I’ve had “Praise You in this Storm” by Casting Crowns on my playlist, repeating all day. It’s just too much for my mind to bear. I keep blanking out. My heart is self preserving; It knows the realization of what I’ve lost will cause total system shut down.
My best friend died last week. The news brought all my activities to a halt like a red light.
They say there are no words to convey the depth of sorrow that losing a loved one brings. The weight of the loss is indescribable. They are right.
But I will still try.
I feel like someone scooped out a big portion of my soul and dumped it six feet in the ground. I feel like the missing part of my soul got replaced with a paper shredder. It hurts. And screaming doesn’t help.
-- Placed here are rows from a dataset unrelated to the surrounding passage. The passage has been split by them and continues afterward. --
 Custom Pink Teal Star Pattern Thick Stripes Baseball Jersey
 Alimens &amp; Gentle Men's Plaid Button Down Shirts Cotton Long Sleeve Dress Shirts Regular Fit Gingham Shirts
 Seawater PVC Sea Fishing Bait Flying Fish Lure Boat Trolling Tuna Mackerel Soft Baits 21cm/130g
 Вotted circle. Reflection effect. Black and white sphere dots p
The first thing that popped into my head when I heard was,
She’s in heaven. And it’s a better place.
So there’s not much to say. I’ll keep this brief.
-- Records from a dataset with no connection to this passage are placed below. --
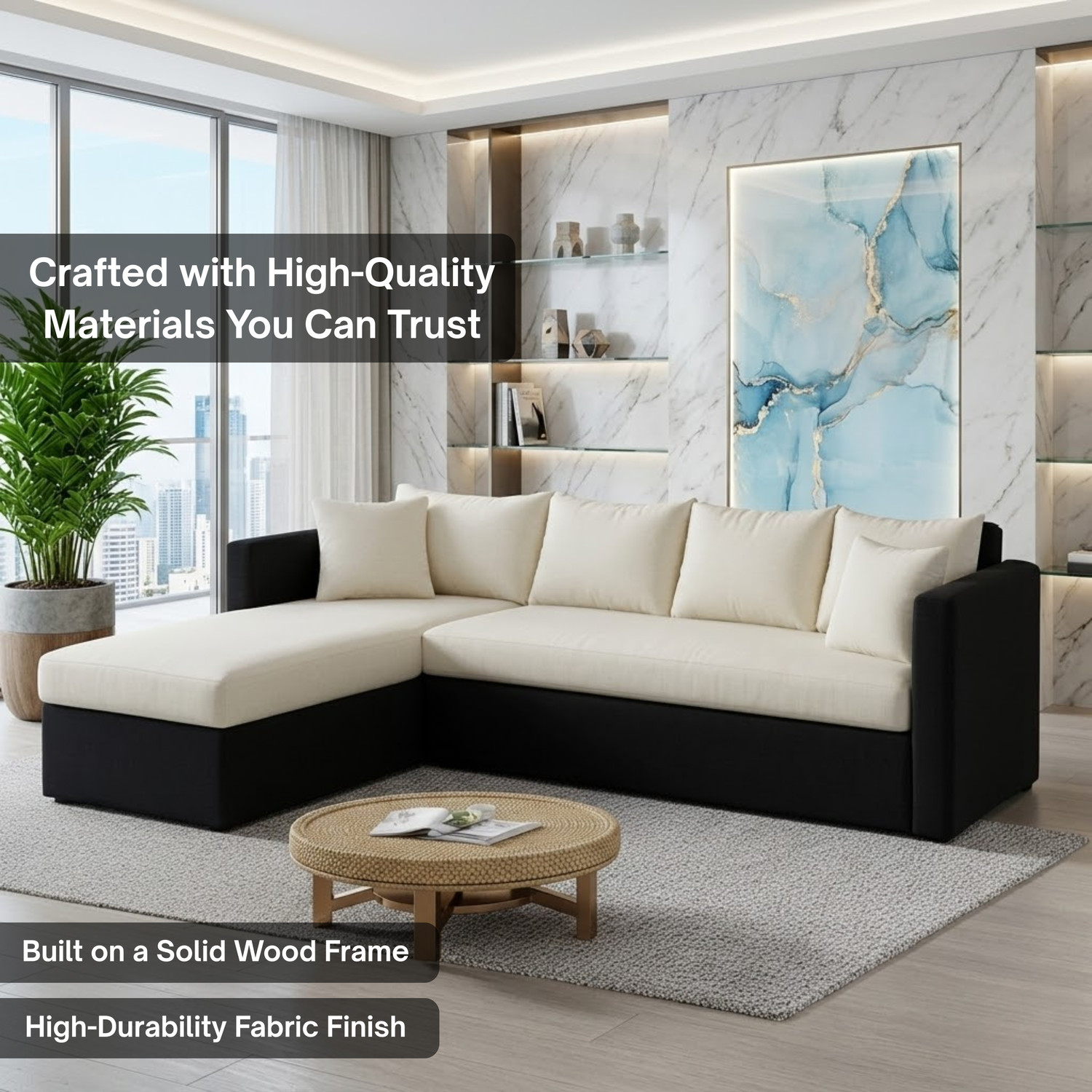 Image of Flipkart Perfect Homes Premium Quality L Shape LHS Velvet Fabric 6 Seater Sofa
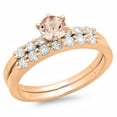 thumbnail image 1 of Dazzlingrock Collection 14K Round Morganite & White Diamond Bridal Engagement Ring With Matching Band Set, Rose Gold, Size 4.5, 1 of 1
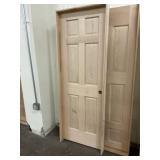 36" x 80" LH Unfinished Oak 6-Panel Interior Door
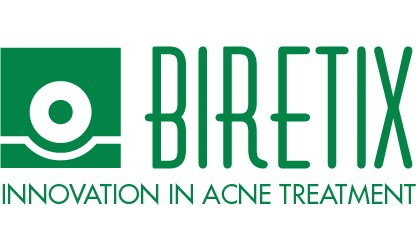 BireTix logo with the tagline 'Innovation in Acne Treatment' in green  text.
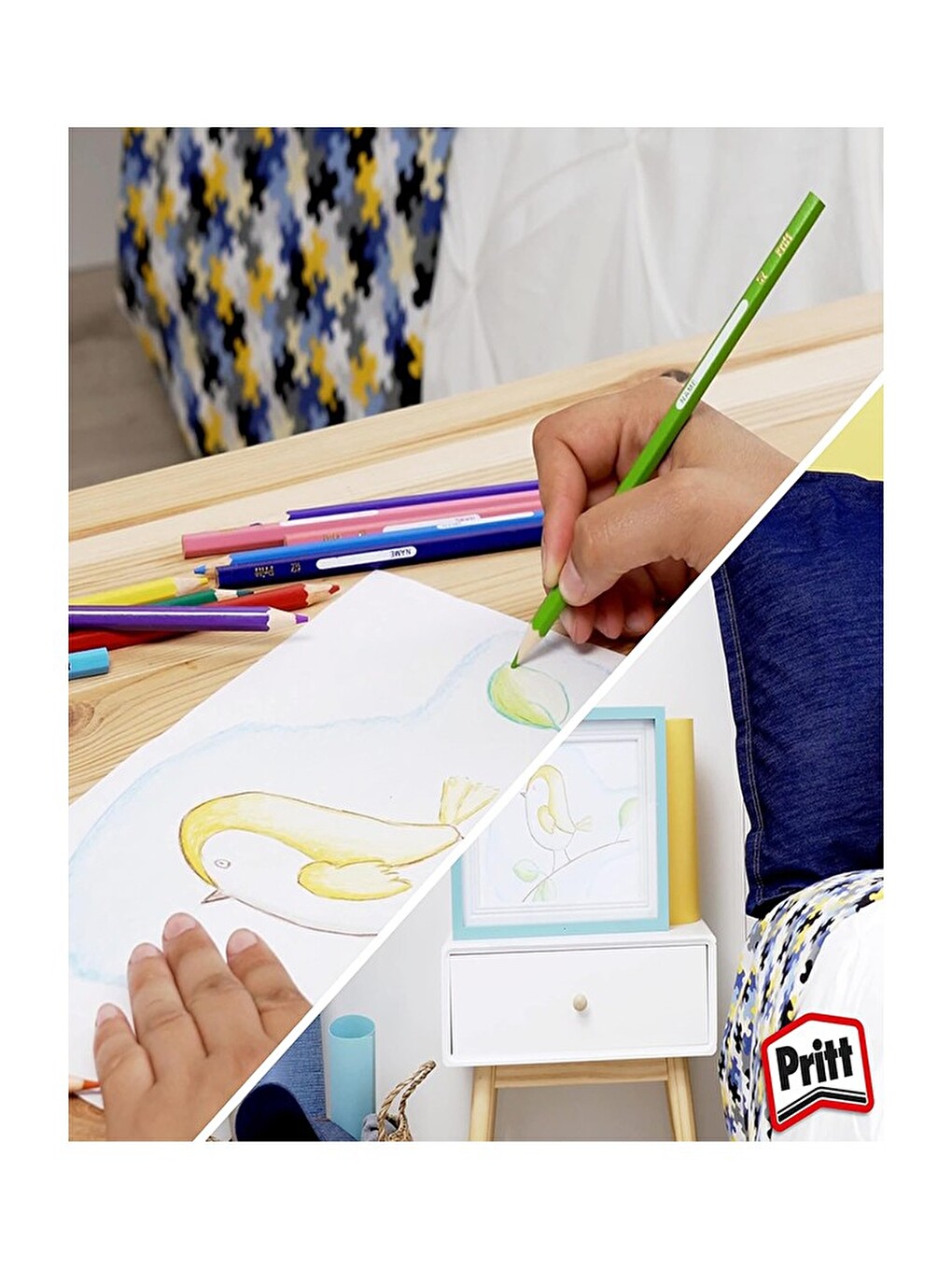 Kuru Boya Kalemi 24 Renk Karton Kutu 1 Paket Pritt 24 Lü Kuruboya Tam Boy Renkli Kalem Kaliteli Yumu-2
Temitope was driven, passionate, ferociously supportive. Always ready to talk, able to hold her own in an intellectual debate. Celebrated even the littlest of successes. Inspiring worshipper.
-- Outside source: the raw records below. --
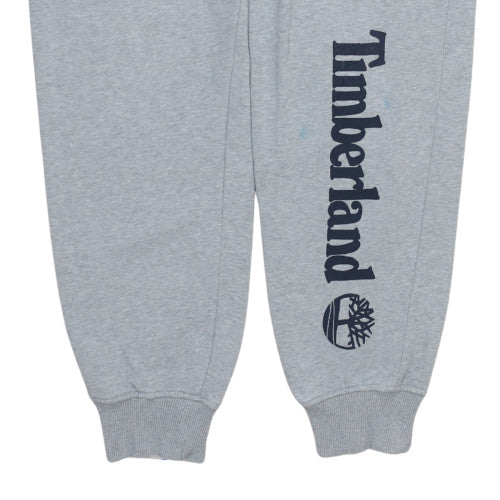 Timberland Men’s Grey Logo Sweatpants L Regular Fit Fleece Trousers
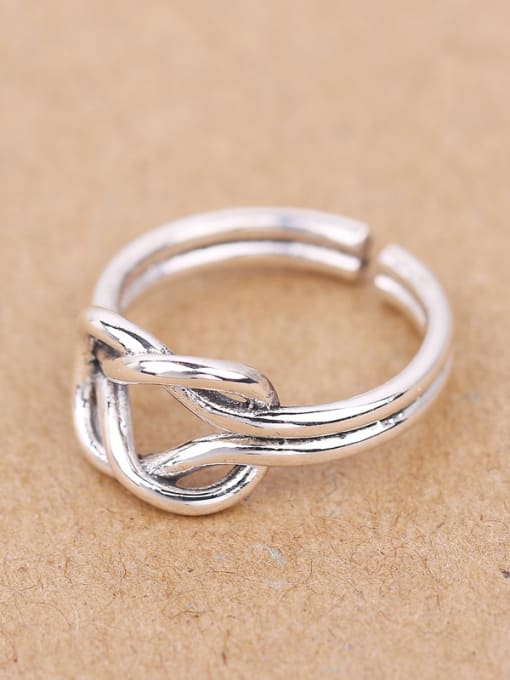 Peng Yuan Personalized Knot Silver Opening Midi Ring 3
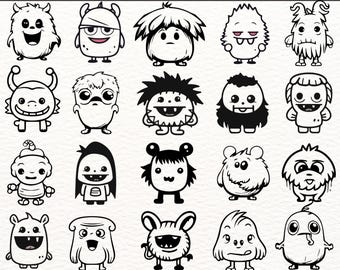 Cute Monster SVG and PNG Designs for Crafting, Kids Projects, and Printables – Fun, Whimsical Monster Clipart Collection for DIY Use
She taught me how to worship God. Her motto was Hold Nothing Back.
She inspired my first poem. She was my little north star.
I remember sitting in church, mind drifting off as usual during the service when the bible reading came up. I remember being jolted out of my daydream by a voice I can only describe as the replica of Bimbo Odukoya’s. It was firm, intonation and inflection was spot on, her voice was unmistakable. Just one thing was different. When I saw who was producing the voice, I smiled like a five year old on his birthday.
Smiling was always easy whenever I was with you.
I will see you again my friend. Till then, say hey to apostle Paul for me.